A $2\times 2\times 2$ supercell model was constructed to calculate the phonon band structure and corresponding phonon density of states of diamond in both the ground state ($\eta$ = 0.00%) and the excited state ($\eta$ = 6.25%), along high-symmetry directions in the first Brillouin zone, as shown in Figure 4. As illustrated in Figure 4a,b, no imaginary frequencies appear throughout the Brillouin zone, confirming the dynamical stability of the excited-state structure despite the altered electronic configuration. Compared with the ground state, the degeneracy of the optical branches in the excited state is significantly reduced. A distinct splitting of the transverse optical modes is observed along the $\Gamma –W$ direction (Figure 4b), indicating a reduction in crystal symmetry induced by electronic excitation. Further analysis of the phonon density of states reveals that the dominant vibrational modes are concentrated in the high-frequency region (30–35 THz).

4. Discussion

The fixed electron occupation method employed in this study constructs non-ground-state electronic excitations by predefining the occupation numbers of Kohn–Sham orbitals, followed by self-consistent field (SCF) iterations until convergence is achieved. This approach reveals a phase transition in diamond from the cubic phase ($Fd\overline{3}m$) to the tetragonal phase ($I{4}_1/amd$) under electronic excitation—a phenomenon not yet reported experimentally in diamond. Under high-intensity femtosecond laser excitation, the potential energy surface (PES) between atoms in diamond undergoes significant changes [40]. Molecular dynamics (MD) simulations show that femtosecond laser excitation can suppress the local minimum in the PES corresponding to the diamond structure, thereby driving an ultrafast (100 fs) non-equilibrium structural phase transition, such as the transformation from diamond (sp³) to graphite (sp²) [41]. This represents a key mechanism of non-thermal phase transitions induced by electronic excitation. The structural transformation of diamond simulated in this study corresponds to the early stage of such a phase transition. Under thermal annealing conditions, a temperature-dependent mechanism for symmetry reduction in nanodiamond structures has been observed. Below 900 °C, surface reconstruction of nanodiamond leads to graphitization, while above 900 °C, the diamond core itself undergoes graphitization, marked by a change in carbon hybridization from sp³ to sp² [42,43]. While our study investigates an excitation-induced phase transition, it is interesting to note that structural transformations are a common response mechanism in strong covalent carbon systems under various stimuli.
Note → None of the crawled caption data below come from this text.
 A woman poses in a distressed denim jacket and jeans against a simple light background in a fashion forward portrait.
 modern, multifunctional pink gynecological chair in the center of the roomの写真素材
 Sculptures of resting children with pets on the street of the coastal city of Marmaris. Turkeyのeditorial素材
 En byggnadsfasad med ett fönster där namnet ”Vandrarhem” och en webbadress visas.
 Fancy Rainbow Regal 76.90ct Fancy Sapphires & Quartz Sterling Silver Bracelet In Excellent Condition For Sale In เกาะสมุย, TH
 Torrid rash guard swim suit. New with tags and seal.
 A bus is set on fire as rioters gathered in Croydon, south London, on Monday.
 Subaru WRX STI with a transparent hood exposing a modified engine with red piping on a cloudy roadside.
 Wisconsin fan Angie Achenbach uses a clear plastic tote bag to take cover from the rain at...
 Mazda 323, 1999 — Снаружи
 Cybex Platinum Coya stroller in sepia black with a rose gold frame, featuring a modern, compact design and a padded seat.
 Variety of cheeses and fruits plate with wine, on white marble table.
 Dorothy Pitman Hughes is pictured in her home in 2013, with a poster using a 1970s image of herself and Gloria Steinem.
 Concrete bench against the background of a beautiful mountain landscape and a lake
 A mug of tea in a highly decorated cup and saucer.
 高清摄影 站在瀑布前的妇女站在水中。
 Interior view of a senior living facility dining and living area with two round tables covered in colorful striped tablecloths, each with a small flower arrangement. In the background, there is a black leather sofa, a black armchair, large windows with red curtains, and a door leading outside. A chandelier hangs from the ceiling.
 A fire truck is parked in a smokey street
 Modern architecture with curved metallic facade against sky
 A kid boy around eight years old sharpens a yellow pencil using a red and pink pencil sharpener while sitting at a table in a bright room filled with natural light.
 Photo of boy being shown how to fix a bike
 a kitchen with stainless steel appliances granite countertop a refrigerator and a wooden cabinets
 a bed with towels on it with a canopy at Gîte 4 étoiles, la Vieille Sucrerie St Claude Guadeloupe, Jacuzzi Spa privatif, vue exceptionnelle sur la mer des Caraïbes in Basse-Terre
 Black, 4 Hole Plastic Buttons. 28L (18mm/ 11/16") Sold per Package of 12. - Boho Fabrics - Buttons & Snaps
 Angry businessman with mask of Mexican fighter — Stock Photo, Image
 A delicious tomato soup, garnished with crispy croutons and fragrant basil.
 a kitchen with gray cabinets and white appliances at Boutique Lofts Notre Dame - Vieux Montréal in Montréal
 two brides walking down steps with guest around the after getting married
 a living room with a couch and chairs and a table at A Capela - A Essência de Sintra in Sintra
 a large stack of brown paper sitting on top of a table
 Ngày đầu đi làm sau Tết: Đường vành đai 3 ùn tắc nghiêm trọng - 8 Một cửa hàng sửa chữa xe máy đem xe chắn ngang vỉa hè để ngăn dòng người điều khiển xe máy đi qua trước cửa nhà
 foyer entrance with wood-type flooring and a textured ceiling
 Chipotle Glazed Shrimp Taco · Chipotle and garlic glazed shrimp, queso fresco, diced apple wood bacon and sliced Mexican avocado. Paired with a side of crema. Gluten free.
For instance, studies on complex diamond-like phases under mechanical tension have shown that the critical limit before failure is often not a fracture but a phase transformation into a short-ordered lattice [44]. This suggests that bond rearrangement is a preferred pathway over catastrophic bond breaking in these robust materials.

It is noteworthy that group-IV elements such as silicon and germanium exhibit similar phase transitions under high pressure. Experimental studies have shown that under hydrostatic conditions, silicon transforms from the cubic phase ($Fd\overline{3}m$) to the tetragonal $\beta$-Sn structure ($I{4}_1/amd$) at approximately 12 GPa, accompanied by a semiconductor-to-metal transition and a 20% volume collapse [45,46,47]. Under laser shock compression, this transition pressure can be reduced to 5.4(5) GPa [48]. Similarly, germanium transitions from the cubic phase (Ge I) to the tetragonal phase (Ge II) in the 9–12.5 GPa range [49]. First-principles calculations further confirm that the transition pressures for Si and Ge under hydrostatic conditions are 11.4 GPa and 9.5 GPa, respectively, while under uniaxial compression, they are reduced to 3.9 GPa and 2.5 GPa [50]. Although the tetragonal phase of diamond has not been experimentally observed, DFT calculations have predicted the existence of several tetragonal carbon allotropes [51,52], offering theoretical insight into the design of novel carbon-based materials.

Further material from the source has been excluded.